FelCor Commences Consent Solicitation for Amendment to Indenture Governing Its 10% Senior Secured Notes Due 2014
October 07 2009 - 6:03PM
Business Wire
FelCor Lodging Trust Incorporated (NYSE: FCH) (“FelCor”) and its
subsidiary, FelCor Lodging Limited Partnership (“FelCor LP”), today
announced that on October 7, 2009, FelCor Escrow Holdings, L.L.C.
(“FelCor Escrow”), a wholly-owned subsidiary of FelCor LP,
commenced a solicitation of consents to a proposed amendment to the
indenture governing its 10% Senior Secured Notes due 2014 (CUSIP
Nos. 31430QAZ0 and U31522AK8) (the “New Notes”).
The consent solicitation is being made pursuant to a
Solicitation Letter dated October 6, 2009, and related letter of
consent. The consent solicitation expires at 5:00 p.m., New York
City time, on October 13, 2009 (the “Expiration Date”), unless
extended or earlier terminated by FelCor Escrow. The proposed
amendment to the indenture will provide additional flexibility with
respect to the incurrence of indebtedness by FelCor LP, once FelCor
LP has assumed the obligations under the indenture. The
supplemental indenture containing the proposed amendment will be
executed promptly following the receipt of the consents required to
approve the proposed amendment.
FelCor LP has made tender offers to purchase all of its
outstanding 8 ½% Senior Notes due 2011 (“8 ½% Notes”) and Senior
Secured Floating Rate Notes due 2011 (“Floating Rate Notes”). The
net proceeds of the New Notes, which are currently held in escrow,
will be used to purchase the 8 ½% Notes, the Floating Rate Notes
and for general corporate purposes. However, the sale of the New
Notes by FelCor LP was subject to the consummation of the tender
offers, which are conditioned upon the valid tenders of at least
90% of the outstanding 8 ½% Notes. Because this condition was
neither satisfied nor waived by the close of the offer and sale of
the New Notes, the New Notes were issued by FelCor Escrow on
October 1, 2009. Upon the successful consummation of the tender
offers, FelCor LP will assume all of the rights and obligations
under the indenture governing the New Notes. As of today,
approximately 69% of the 8 ½% Notes and more than 99% of the
Floating Rate Notes have been validly tendered.
The terms and conditions of the consent solicitation are set
forth in the Solicitation Letter and related materials.

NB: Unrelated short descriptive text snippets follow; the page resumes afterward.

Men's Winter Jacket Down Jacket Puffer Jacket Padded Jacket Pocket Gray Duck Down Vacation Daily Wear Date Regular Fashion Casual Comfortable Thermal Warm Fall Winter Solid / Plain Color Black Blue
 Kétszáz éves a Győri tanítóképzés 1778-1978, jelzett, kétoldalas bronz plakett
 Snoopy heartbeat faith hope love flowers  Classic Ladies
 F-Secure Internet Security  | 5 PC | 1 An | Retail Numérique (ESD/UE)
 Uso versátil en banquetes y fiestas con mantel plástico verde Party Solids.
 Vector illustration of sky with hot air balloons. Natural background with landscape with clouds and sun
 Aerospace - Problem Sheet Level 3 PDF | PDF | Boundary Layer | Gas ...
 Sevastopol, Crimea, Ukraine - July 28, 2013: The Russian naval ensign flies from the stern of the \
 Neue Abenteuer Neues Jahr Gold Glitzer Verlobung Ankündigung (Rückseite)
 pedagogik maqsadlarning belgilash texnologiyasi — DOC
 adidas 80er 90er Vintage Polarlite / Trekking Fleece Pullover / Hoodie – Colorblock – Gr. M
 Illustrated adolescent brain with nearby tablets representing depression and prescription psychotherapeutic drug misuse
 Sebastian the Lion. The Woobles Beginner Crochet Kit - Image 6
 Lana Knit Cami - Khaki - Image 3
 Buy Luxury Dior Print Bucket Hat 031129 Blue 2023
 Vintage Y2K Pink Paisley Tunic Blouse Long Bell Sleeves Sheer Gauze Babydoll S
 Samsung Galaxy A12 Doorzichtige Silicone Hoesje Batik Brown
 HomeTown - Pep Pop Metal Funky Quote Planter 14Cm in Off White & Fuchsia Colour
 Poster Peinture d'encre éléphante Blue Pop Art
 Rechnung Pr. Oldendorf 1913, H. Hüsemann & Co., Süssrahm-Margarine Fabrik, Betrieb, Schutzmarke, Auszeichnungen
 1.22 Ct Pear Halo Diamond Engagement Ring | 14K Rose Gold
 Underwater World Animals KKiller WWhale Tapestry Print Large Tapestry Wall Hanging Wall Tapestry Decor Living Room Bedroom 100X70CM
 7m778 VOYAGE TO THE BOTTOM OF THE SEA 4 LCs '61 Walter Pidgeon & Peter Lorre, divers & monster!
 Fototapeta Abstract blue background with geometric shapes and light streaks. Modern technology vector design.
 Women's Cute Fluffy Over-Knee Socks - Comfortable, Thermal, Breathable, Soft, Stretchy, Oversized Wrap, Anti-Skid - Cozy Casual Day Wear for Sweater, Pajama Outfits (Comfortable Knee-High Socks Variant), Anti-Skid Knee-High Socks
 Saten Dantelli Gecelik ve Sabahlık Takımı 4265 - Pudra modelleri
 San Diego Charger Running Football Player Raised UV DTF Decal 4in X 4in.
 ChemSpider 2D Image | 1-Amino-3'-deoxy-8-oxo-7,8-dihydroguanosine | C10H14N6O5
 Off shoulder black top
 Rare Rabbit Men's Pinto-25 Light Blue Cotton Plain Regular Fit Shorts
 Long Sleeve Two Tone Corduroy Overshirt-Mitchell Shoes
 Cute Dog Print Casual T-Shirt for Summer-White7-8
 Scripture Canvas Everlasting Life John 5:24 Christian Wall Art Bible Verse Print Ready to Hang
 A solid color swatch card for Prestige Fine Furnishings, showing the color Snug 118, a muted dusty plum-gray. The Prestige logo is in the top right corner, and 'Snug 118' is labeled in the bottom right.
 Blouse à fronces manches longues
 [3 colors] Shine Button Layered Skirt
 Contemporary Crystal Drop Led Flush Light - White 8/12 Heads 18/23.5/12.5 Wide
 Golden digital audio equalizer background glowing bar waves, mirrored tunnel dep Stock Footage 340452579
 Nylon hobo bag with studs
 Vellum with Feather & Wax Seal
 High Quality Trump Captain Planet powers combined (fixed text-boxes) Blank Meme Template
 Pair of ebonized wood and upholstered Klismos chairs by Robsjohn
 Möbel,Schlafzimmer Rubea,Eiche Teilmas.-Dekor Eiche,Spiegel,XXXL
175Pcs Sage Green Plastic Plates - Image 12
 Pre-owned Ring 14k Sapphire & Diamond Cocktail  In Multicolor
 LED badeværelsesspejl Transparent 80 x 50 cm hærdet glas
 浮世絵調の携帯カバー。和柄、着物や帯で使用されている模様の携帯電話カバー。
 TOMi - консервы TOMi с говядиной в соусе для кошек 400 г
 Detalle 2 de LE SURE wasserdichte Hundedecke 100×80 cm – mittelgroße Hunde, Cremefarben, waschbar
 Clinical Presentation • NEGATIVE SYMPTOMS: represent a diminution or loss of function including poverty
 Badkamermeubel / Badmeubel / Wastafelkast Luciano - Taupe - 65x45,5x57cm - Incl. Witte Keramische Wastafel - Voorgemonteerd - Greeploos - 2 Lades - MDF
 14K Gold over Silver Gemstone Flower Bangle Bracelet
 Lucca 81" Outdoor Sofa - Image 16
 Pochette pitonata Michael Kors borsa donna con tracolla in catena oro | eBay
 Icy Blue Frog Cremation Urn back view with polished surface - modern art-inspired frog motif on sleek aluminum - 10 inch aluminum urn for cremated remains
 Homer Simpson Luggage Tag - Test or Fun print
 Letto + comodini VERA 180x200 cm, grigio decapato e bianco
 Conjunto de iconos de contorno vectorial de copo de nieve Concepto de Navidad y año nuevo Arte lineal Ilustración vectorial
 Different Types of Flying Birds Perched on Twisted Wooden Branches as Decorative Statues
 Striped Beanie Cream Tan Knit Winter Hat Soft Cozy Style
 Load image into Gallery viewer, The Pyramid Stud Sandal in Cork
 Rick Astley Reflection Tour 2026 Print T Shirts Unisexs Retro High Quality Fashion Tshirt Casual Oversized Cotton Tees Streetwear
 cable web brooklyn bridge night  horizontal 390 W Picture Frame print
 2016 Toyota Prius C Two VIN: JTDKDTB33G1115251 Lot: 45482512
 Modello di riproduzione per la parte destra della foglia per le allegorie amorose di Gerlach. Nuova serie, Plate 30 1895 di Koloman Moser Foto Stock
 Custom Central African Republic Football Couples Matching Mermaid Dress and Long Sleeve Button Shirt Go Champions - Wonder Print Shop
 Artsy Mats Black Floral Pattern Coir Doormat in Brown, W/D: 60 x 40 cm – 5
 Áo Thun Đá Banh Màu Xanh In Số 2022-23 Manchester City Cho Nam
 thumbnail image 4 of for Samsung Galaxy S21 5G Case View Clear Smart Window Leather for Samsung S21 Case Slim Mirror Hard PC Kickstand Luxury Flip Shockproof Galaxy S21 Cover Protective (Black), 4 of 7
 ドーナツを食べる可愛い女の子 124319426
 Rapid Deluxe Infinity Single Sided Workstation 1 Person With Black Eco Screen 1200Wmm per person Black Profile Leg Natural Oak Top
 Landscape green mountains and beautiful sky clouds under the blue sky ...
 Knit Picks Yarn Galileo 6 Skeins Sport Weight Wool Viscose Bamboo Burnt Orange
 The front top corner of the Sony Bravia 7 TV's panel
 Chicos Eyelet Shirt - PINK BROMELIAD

J.P. Morgan Securities Inc. is acting as Solicitation Agent for
the consent solicitation. Copies of the documents can be obtained
from, and questions concerning the consent solicitation may be
directed to, J.P. Morgan at (212) 270-3994 (collect) or (800)
245-8812 (toll free).
This press release is not a solicitation of consents, which may
be made only pursuant to the terms of the Solicitation Letter and
related letter of consent. Those documents should be consulted for
additional information regarding delivery procedures and the
conditions for the consent solicitation.
FelCor, a real estate investment trust, is the nation’s largest
owner of upper upscale, all-suite hotels. FelCor owns interests in
87 hotels and resorts, located in 23 states and Canada. FelCor’s
portfolio consists mostly of upper upscale hotels, which are
flagged under global brands - Embassy Suites Hotels®, Doubletree®,
Hilton®, Marriott®, Renaissance®, Sheraton®, Westin® and Holiday
Inn®. Additional information can be found on the Company’s Web site
at www.felcor.com.
With the exception of historical information, the matters
discussed in this news release include “forward-looking statements”
within the meaning of the federal securities laws. Forward-looking
statements are not guarantees of future performance. Numerous risks
and uncertainties, and the occurrence of future events, may cause
actual results to differ materially from those currently
anticipated. Certain of these risks and uncertainties are described
in greater detail in our filings with the Securities and Exchange
Commission. Although we believe our current expectations to be
based upon reasonable assumptions, we can give no assurance that
our expectations will be attained or that actual results will not
differ materially. We undertake no obligation to update any
forward-looking statement to conform the statement to actual
results or changes in our expectations.